====== MATERIAL SHOWN ======
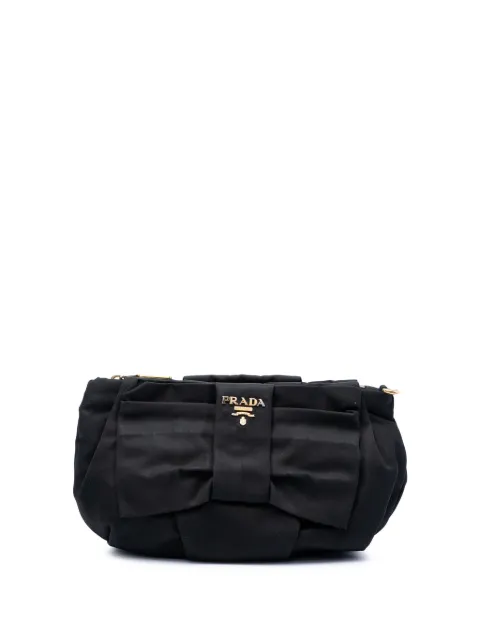Prada Pre-Owned 2010-2026 Tessuto Bow Wristlet clutch bag Black PYOITYMAJLINXZ63
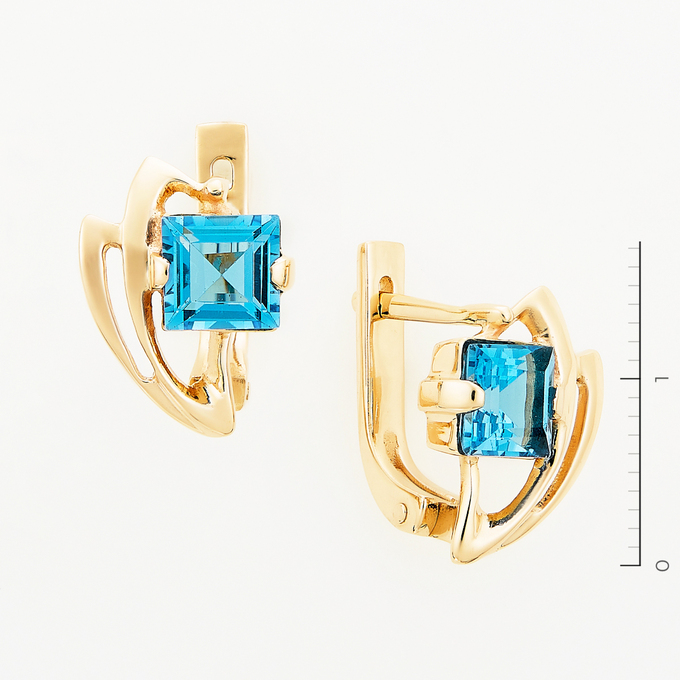 Серьги из красного золота 585 пробы c 2 топазами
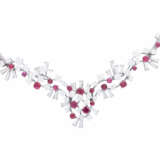 Necklace with rubies comp. ca. 2,8 ct and diamonds comp. ca. 5 ct, - фото 2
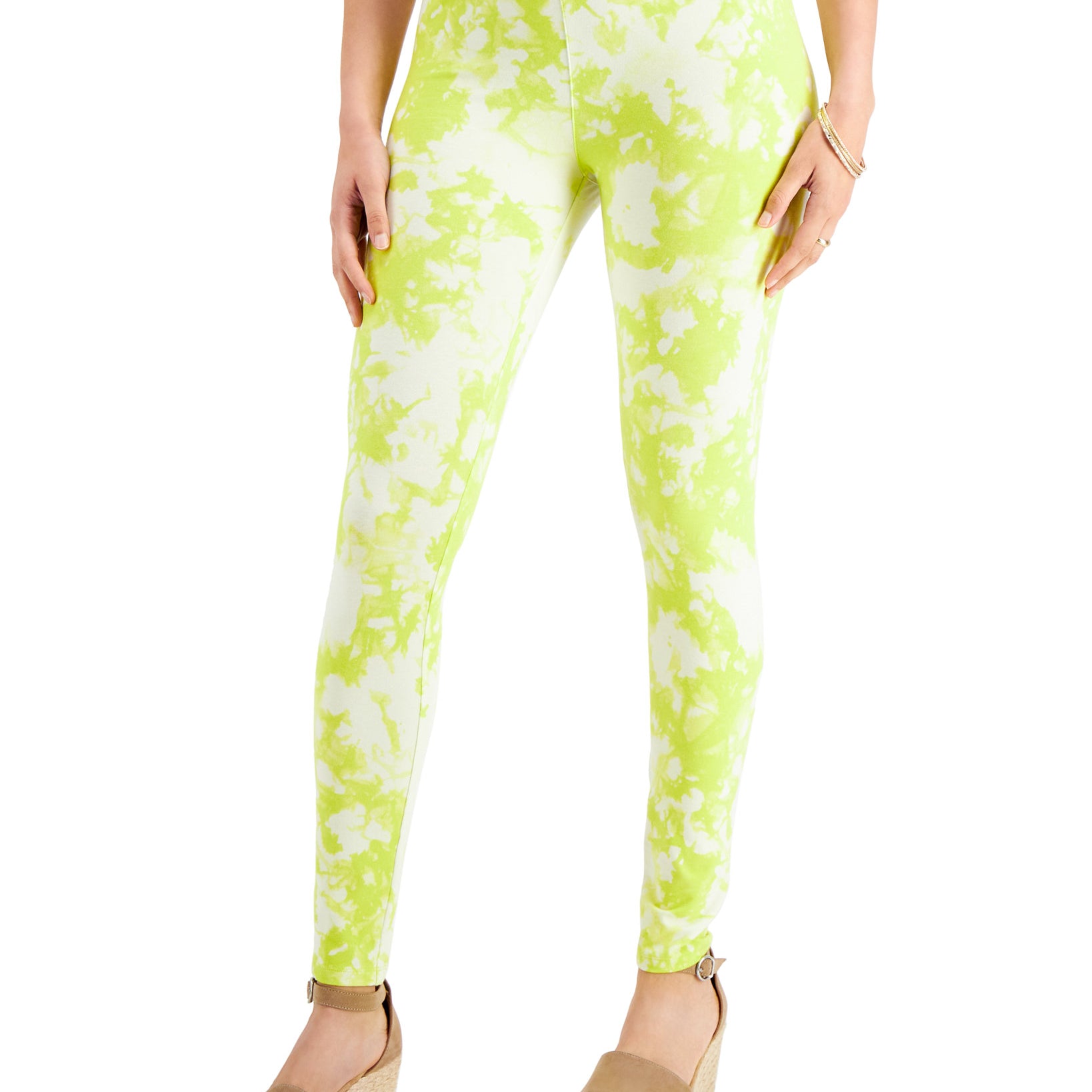 Style & Co Women Printed Leggings Lightest Lime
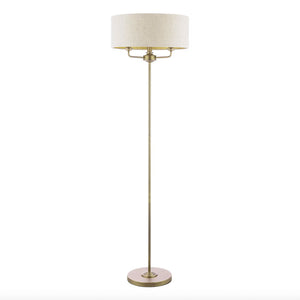 Laura Ashley Sorrento 3 Light Floor Lamp Matt Antique Brass with Natural Shade – LA3756755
======
-- EXERCISE INSTRUCTIONS --
Pictures aside, reproduce the listing above exactly.

-- ANSWER BELOW --
Prada Pre-Owned 2010-2026 Tessuto Bow Wristlet clutch bag Black PYOITYMAJLINXZ63
 Серьги из красного золота 585 пробы c 2 топазами
 Necklace with rubies comp. ca. 2,8 ct and diamonds comp. ca. 5 ct, - фото 2
 Style & Co Women Printed Leggings Lightest Lime
 Laura Ashley Sorrento 3 Light Floor Lamp Matt Antique Brass with Natural Shade – LA3756755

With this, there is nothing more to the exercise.